%%

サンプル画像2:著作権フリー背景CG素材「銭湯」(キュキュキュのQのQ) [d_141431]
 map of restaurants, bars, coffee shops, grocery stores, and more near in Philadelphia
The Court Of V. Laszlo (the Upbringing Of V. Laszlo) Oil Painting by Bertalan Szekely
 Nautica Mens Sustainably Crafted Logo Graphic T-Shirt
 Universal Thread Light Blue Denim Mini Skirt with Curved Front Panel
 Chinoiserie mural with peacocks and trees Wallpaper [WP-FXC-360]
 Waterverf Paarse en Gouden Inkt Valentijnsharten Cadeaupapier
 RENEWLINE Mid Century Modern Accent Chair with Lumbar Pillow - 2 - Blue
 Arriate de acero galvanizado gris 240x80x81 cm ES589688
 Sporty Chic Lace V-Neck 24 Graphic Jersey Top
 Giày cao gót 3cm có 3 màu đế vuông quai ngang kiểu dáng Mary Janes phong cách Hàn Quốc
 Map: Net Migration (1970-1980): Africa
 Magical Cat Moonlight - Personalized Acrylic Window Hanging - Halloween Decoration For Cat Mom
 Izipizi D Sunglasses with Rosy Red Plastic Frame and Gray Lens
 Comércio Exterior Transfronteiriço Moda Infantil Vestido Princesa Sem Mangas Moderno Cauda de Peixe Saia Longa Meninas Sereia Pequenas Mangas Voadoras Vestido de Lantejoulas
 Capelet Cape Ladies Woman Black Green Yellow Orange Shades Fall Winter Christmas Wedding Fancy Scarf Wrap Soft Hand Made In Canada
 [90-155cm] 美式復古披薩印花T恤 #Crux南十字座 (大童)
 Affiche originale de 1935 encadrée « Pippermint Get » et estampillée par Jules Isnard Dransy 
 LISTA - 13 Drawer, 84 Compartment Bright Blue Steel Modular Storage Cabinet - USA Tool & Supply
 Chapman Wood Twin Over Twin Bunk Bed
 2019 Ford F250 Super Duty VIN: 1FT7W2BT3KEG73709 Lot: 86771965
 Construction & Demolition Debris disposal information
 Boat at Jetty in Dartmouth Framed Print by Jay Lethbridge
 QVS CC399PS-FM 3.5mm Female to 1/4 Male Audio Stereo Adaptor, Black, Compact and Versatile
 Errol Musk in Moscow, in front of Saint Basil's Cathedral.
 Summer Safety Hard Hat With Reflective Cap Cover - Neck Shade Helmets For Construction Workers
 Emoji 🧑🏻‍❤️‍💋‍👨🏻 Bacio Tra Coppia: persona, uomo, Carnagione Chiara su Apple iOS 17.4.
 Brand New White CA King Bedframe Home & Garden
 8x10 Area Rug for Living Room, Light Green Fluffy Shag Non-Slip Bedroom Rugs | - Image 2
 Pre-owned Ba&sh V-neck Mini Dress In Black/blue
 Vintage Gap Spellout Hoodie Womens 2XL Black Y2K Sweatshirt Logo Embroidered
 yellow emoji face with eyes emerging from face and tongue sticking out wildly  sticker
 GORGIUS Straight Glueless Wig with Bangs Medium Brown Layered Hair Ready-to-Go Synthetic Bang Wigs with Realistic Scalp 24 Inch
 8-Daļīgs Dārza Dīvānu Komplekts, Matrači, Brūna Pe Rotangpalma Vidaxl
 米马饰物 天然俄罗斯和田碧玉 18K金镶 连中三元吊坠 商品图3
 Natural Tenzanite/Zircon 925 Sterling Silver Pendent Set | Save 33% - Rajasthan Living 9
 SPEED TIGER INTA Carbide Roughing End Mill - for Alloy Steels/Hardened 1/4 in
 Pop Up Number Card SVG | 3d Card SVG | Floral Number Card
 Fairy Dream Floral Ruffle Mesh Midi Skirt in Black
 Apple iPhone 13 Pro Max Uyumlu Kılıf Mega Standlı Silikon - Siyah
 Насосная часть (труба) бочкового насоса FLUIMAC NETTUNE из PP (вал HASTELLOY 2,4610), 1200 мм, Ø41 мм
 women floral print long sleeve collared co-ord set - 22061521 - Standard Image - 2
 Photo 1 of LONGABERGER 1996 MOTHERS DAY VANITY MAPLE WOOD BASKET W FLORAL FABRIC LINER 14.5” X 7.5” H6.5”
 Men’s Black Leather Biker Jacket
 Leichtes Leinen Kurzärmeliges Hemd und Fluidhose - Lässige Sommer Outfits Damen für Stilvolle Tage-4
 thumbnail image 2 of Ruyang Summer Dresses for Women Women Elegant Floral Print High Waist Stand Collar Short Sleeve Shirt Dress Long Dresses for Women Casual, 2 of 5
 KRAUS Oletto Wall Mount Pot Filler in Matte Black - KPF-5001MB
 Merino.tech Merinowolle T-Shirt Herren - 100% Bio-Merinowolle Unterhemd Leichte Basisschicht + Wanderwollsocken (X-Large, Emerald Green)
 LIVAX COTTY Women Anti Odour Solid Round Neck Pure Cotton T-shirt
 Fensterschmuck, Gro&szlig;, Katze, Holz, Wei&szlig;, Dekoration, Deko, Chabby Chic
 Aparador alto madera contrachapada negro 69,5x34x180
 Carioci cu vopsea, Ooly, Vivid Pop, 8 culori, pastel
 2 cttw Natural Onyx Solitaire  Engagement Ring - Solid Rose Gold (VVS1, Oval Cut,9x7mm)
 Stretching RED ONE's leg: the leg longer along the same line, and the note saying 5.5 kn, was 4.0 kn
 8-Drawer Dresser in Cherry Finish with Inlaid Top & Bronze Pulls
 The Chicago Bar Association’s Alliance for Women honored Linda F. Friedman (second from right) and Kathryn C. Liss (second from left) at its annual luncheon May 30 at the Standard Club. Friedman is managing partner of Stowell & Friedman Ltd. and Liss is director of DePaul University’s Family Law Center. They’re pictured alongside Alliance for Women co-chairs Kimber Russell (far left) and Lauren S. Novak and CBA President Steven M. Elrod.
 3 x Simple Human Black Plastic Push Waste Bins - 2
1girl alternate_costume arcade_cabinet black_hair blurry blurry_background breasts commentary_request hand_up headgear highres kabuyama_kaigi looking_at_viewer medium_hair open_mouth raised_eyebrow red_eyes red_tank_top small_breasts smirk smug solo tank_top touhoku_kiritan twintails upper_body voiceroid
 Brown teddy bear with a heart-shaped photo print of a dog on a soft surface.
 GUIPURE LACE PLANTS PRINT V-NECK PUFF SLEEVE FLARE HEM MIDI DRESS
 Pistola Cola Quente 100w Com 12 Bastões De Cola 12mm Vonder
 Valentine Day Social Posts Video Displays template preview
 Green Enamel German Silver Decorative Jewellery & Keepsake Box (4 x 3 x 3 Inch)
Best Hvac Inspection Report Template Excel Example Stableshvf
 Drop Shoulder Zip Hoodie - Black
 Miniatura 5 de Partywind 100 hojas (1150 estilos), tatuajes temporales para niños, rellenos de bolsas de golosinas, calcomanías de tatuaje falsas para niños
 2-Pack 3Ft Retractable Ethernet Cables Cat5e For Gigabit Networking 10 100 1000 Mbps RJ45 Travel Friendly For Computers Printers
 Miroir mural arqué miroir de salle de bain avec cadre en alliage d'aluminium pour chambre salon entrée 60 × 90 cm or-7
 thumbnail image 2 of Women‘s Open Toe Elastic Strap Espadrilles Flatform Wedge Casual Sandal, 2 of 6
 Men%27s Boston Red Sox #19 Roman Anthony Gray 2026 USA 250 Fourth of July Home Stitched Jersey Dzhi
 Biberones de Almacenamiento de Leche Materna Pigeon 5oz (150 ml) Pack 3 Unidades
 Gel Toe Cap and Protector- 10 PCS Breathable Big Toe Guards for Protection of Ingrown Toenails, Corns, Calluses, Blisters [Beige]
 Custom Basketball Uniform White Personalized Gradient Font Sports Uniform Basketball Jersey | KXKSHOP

%%

- [WHAT IS REQUIRED]:
Extract, from the material above, each line holding the word "Apple".

- [THE ANSWER]:
 Emoji 🧑🏻‍❤️‍💋‍👨🏻 Bacio Tra Coppia: persona, uomo, Carnagione Chiara su Apple iOS 17.4.
 Apple iPhone 13 Pro Max Uyumlu Kılıf Mega Standlı Silikon - Siyah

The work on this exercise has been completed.